109 : The First For Each Other

434 143 45
                                    

Cring~ Gemerincing lonceng di pintu pertanda kehadiran pengunjung.

"Selamat datang di Mantra Coffee."
.

.

.

Rio melesatkan serangan terakhirnya. Topeng Bapang terjatuh dari wajah Jaya. Darah menyembur hingga mengenai rambut Iris. Tangisan wanita itu semakin dalam.

Petrus terbelalak menatap kejadian di hadapannya. "JAYA!"

Mata Jaya kehilangan cahayanya. Dengan tatapan kosong, ia lebih cepat dari Rio dan memukul ulu hati pria itu hingga mengeluarkan darah dari mulutnya. Jaya menarik rambut Rio dan memukul wajah pria itu hingga terpental ke dinding bangunan.

"JAYA SADAR!" Petrus gemetar. Tidak ada yang lebih ia takutkan dari kemarahan kakaknya.

Bayu pernah berkata bahwa Jaya adalah sosok yang mengerikan. Maka dari itu Bayu memberikan Bapang untuk menggantikan kemarahan Jaya. Bayu hanya percaya pada Bapang sekalu sahabatnya. Tidak ada yang bisa menghentikan Jaya yang telah kehilangan kendali atas dirinya.

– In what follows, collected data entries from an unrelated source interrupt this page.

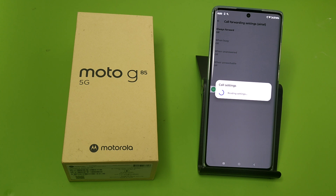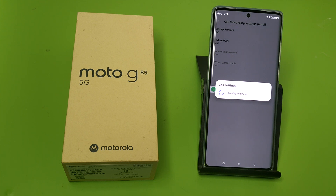You have to click on any one of them and put in the number that you want calls forwarded to. For example, if someone is calling you and it goes unanswered, it will forward the call to that number.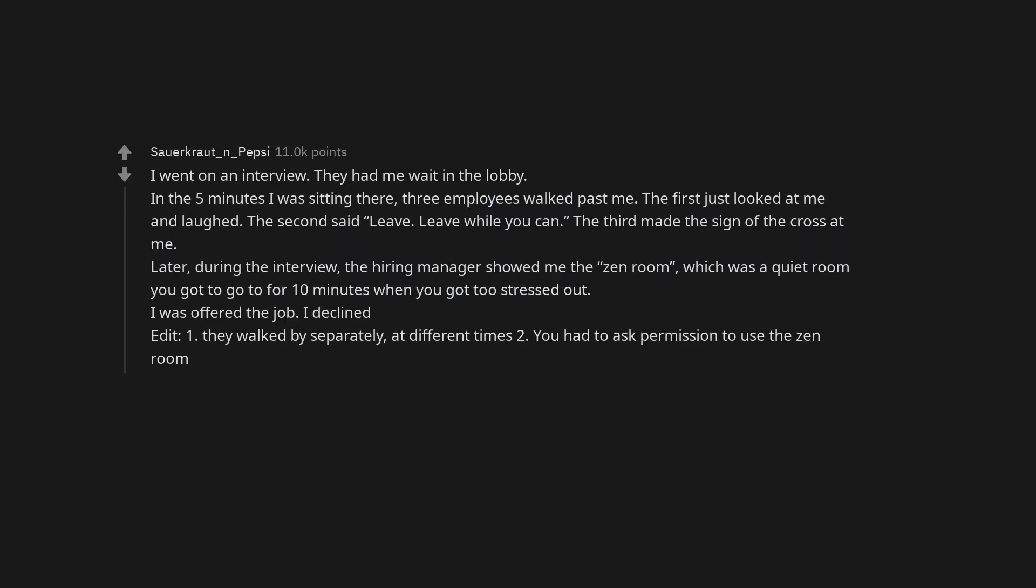I went on an interview. They had me wait in the lobby. In the five minutes I was sitting there, three employees walked past me. The first just looked at me and laughed. The second said, leave. Leave while you can. The third made the sign of the cross at me.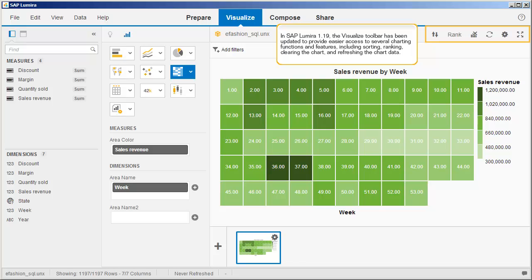In SAP Lumira 1.19, the Visualize toolbar has been updated to provide easier access to several charting functions and features, including sorting, ranking, clearing the chart, and refreshing the chart data.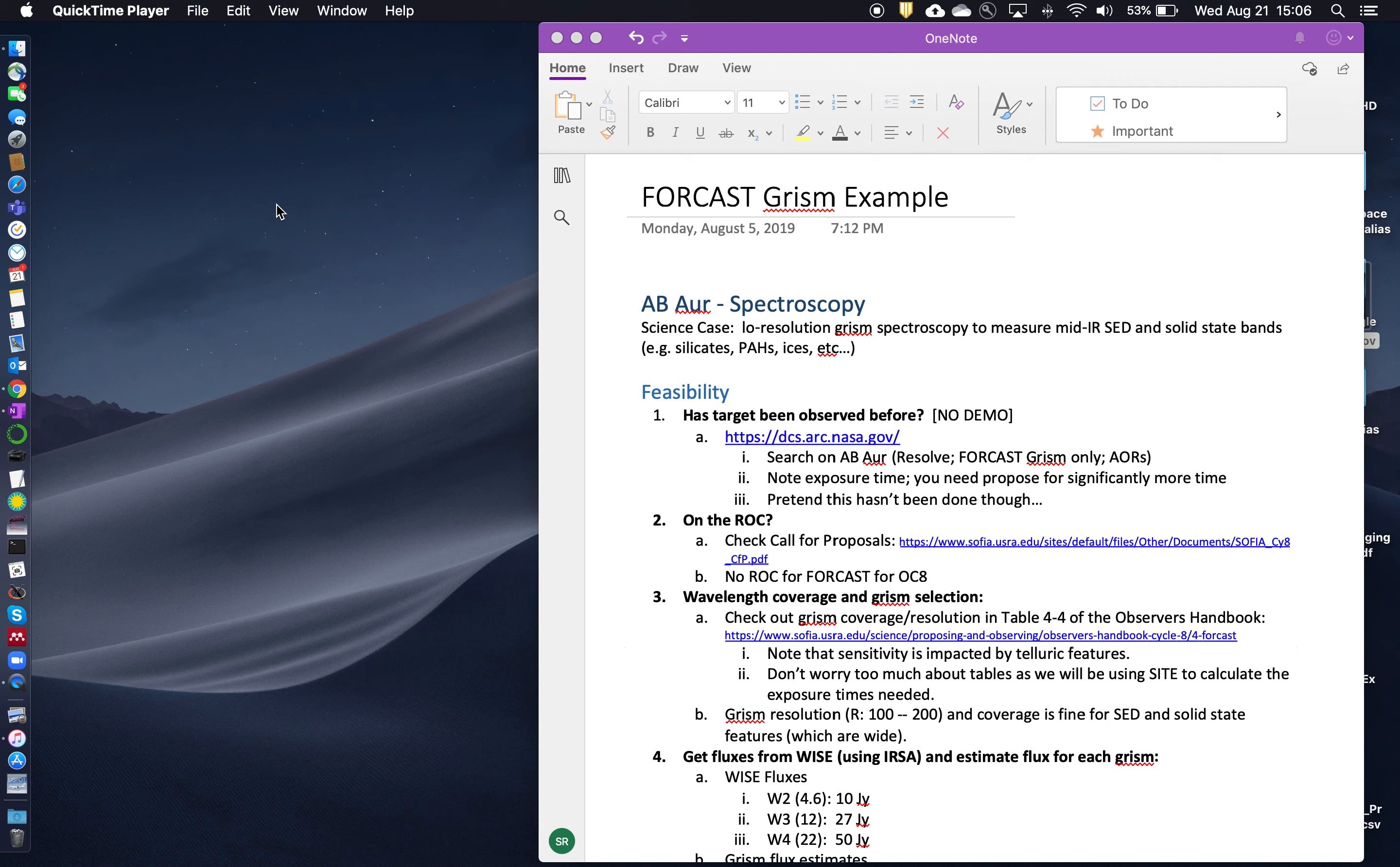Okay, for this next example for the FORCAST instrument, we're going to set up an observation in GRISM mode for FORCAST. And the science case here that we're going to address is a low resolution GRISM spectroscopy to measure the overall mid-infrared SED of an object and to also measure the solid state bands. So for example, this would be like silicates, silicate absorption or emission, PAHs, ices, etc.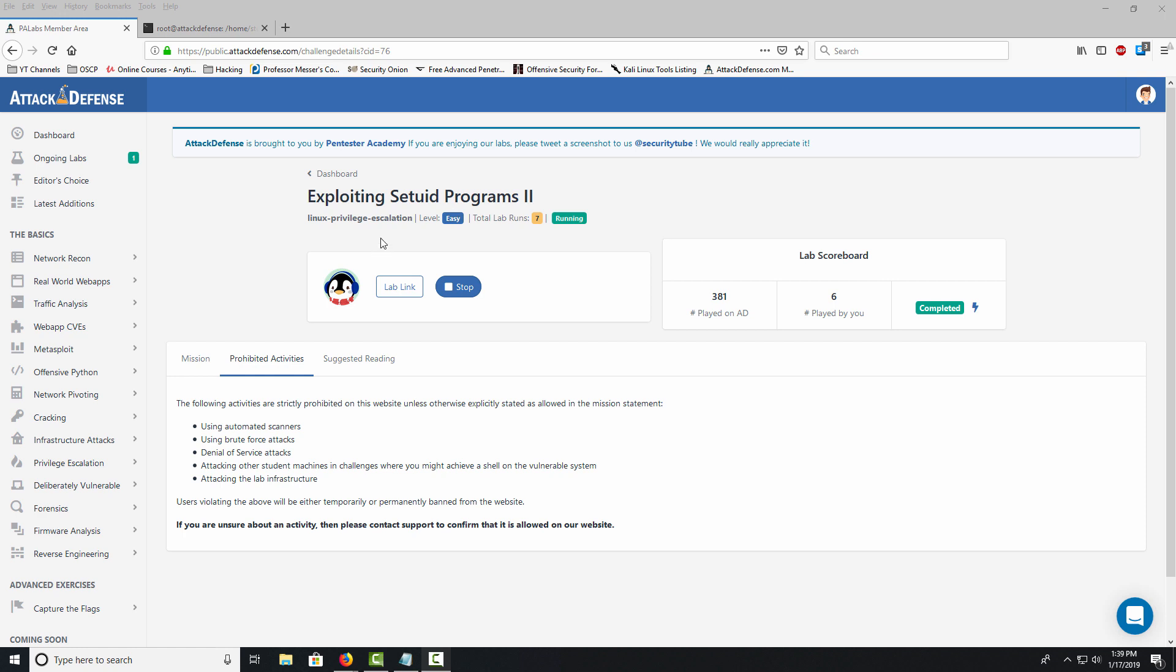There are three different levels to the SUID programs: one, two, and three. We're going to be doing number two first, which is ranked easy. I would start with the first one, ranked intermediate, but it wasn't loading for some reason, so we'll start with this one.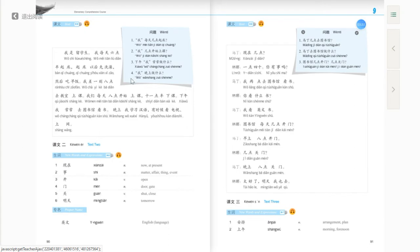The last question, number four: 我晚上做什么? That means: what do I do in the evening? The answer is 晚上，我学习汉语，有时候看电视，上网 — in the evening, I study Chinese, and sometimes I watch TV and go online.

Rio adalah yang paling terkejut. Dalam waktu secepat itu keadaan berbalik. Darah yang menyembur barusan adalah buktinyata, bahwa pukulan Jaya tidak main-main. Merasa terancam, Rio mundur untuk menjaga jarak. Namun, Jaya menarik kaki pria itu dan menjatuhkannya.

Atma hitam berkerumun di sekitar Jaya. Atma-atma ini terhisap ke kepalan tangan Jaya. Secara brutal, Peti Hitam itu menghantam tinjunya ke wajah Rio secara bertubi-tubi.

"JAYA! BERHENTI!" Petrus berusaha bangkit untuk menghentikan Jaya.

Darah bersimbah di wajah Jaya. Darah itu bukanlah darah Jaya. Rio sudah tak sadarkan diri. Semakin ia lesatkan tinjunya, semakin banyak noda darah di wajahnya.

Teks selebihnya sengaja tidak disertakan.